La economía popular no debe ser la economía de la informalidad y la precariedad, ni quedar asociada a subsidios sin contraprestación. Las políticas públicas deben estar orientadas a igualar los derechos de sus trabajadores respecto de los trabajadores registrados (poder facturar, acceder a una jubilación, a una obra social, etc.), mediante escenarios favorables para el desarrollo de sus actividades: una macroeconomía que garantice estabilidad, crecimiento equitativo y las condiciones materiales para trabajar en cada actividad, tales como financiamiento (acceso a crédito blando), asistencia técnica (acceso a tecnología), capacitación (acceso a procesos productivos y de gestión) y reglas claras para participar en las distintas cadenas de valor.
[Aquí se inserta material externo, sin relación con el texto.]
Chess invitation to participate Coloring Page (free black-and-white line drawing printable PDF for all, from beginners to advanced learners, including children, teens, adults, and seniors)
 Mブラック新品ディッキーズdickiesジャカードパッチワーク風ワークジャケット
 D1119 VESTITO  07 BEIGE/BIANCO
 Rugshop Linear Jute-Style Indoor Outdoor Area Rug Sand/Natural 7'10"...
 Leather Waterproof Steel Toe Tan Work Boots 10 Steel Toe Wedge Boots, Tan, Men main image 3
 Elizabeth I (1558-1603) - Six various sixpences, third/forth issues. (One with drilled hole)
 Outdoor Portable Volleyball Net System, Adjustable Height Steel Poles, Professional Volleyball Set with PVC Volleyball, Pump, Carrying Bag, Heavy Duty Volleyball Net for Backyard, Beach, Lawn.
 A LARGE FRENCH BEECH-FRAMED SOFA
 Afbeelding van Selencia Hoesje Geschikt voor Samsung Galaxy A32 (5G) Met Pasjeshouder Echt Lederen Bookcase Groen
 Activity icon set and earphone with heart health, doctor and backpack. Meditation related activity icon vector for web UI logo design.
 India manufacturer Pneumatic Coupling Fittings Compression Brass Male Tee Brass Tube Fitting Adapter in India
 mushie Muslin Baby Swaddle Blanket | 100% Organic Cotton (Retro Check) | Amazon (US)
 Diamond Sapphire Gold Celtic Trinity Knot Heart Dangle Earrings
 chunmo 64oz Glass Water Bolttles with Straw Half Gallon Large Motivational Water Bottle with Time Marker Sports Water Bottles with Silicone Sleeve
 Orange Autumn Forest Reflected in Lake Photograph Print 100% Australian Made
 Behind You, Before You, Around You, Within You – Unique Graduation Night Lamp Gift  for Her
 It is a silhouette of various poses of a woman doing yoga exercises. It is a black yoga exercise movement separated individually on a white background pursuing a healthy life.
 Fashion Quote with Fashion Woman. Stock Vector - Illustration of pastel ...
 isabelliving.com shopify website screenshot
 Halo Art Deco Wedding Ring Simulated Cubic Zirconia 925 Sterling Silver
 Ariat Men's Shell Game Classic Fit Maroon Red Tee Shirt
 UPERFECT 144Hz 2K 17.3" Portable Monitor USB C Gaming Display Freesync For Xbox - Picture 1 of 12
Por último, existe en el campo de lo simbólico un desafío no menos importante para los trabajadores populares. La economía popular necesita romper con los estereotipos con los que frecuentemente se la asocia desde determinados ámbitos, que intentan vincularla a la ilegalidad, la marginalidad, el clientelismo y a la supuesta mala calidad de sus producciones. Esta disputa es central para que dichas percepciones no obturen su desarrollo y se perjudique a toda una economía que es la consecuencia y puede ser, al mismo tiempo, la solución frente a la exclusión.